The International Organization for Migration reports that 70 percent of those going to Libya intend to stay in that country, while the other 30 percent consider Libya a transit to Europe.

Marie-Cecile Darme, Co-Author of the UNHCR study said the results of interviews with 140 people found that 55 percent intended to stay in Libya.  She added, however, that this sample survey focused only on the seven nationalities at risk and did not include the wider community of migrants.

”It must be noted though that whereas many of them intend to stay in Libya when they first arrive there, once they experience the reality on the ground and are detained, are being stolen, robbed, there is a very significant amount of racism from the general population, especially for sub-Saharan Africans, many of them change their mind.”
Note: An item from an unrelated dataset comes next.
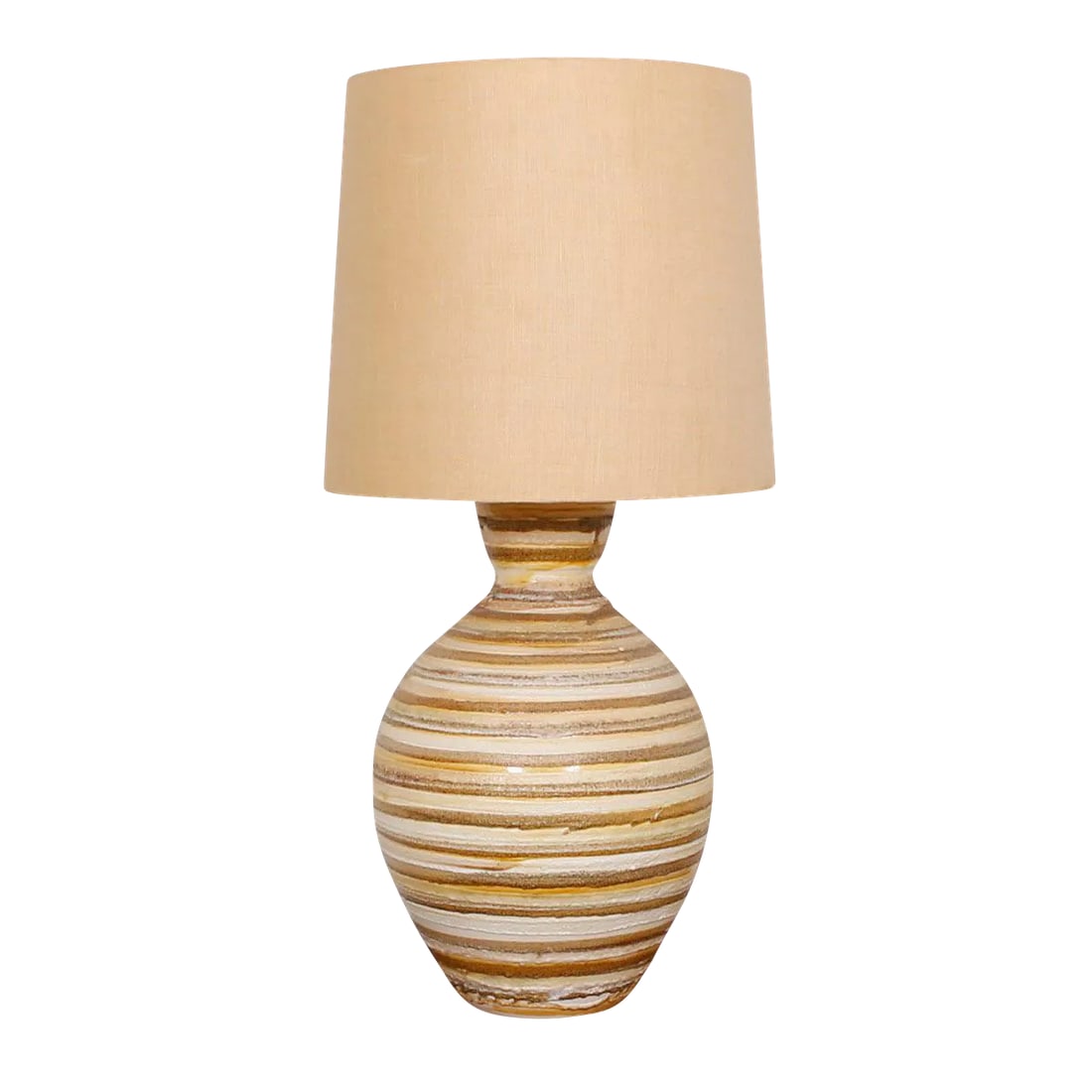 Natural Tones Hand-Painted Pottery Table Lamp (K: Sf) (1 of 10)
“Some of them that we interviewed also reported that they had intended to stay in Libya, but then were detained, tortured so their family would send extra money and then forcefully put on boats,” she said.  “So, their first intention may not actually be what they end up doing.”

Vincent Cochetel told VOA the multi-billion-dollar smuggling enterprise has morphed into a trans-national criminal industry.

”You have operators that are from the nationalities of the migrants or refugees operating in Libya with Libyan smugglers,” he said.

”The militia that controls the road in Libya, that goes to a beach … is the same militia that controls or prevents the traffic on that road to allow for smuggling operations to take place from the beach or that allows from an oil tanker the purchase of smuggled oil.  

“This is going to go to the same pocket,” he said.

Cochetel noted that human trafficking was a trans-national crime and as such could be dealt with under both the U.N. and European Union sanctions committees.

”It kills as much as weapons in Libya today, so those that are involved in that human trafficking should be named and listed.”